## Your task
Below is a set of records; reproduce them exactly without their pictures.

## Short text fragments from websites

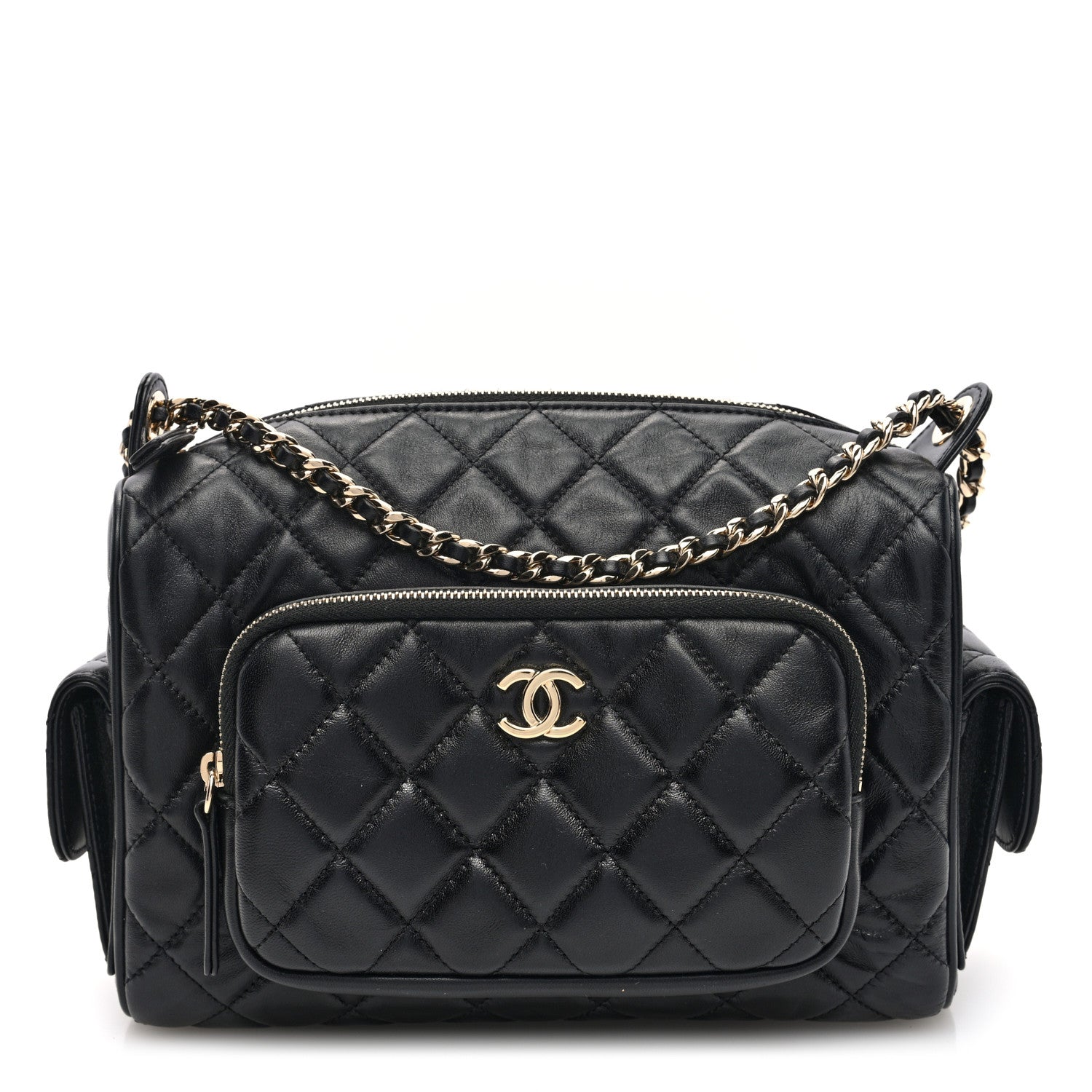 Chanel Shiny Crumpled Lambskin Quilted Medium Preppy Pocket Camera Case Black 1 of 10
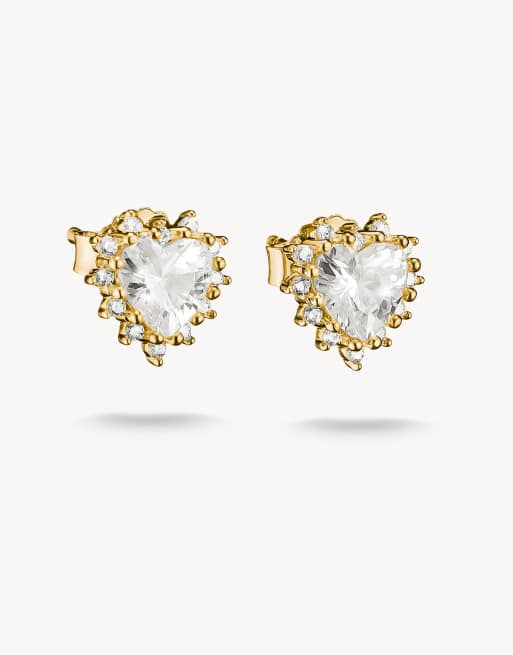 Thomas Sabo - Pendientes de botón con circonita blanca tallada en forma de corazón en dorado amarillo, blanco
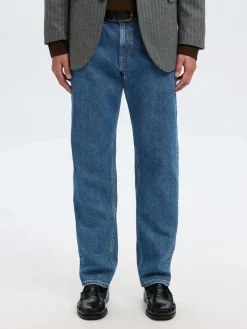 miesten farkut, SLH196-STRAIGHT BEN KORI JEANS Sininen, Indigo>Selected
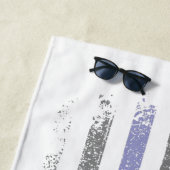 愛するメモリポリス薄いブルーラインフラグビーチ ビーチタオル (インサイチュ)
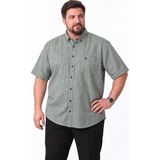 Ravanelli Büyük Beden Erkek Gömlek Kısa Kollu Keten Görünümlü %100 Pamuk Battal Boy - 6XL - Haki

## Written solution
 Chanel Shiny Crumpled Lambskin Quilted Medium Preppy Pocket Camera Case Black 1 of 10
 Thomas Sabo - Pendientes de botón con circonita blanca tallada en forma de corazón en dorado amarillo, blanco
 miesten farkut, SLH196-STRAIGHT BEN KORI JEANS Sininen, Indigo>Selected
 愛するメモリポリス薄いブルーラインフラグビーチ ビーチタオル (インサイチュ)
 Ravanelli Büyük Beden Erkek Gömlek Kısa Kollu Keten Görünümlü %100 Pamuk Battal Boy - 6XL - Haki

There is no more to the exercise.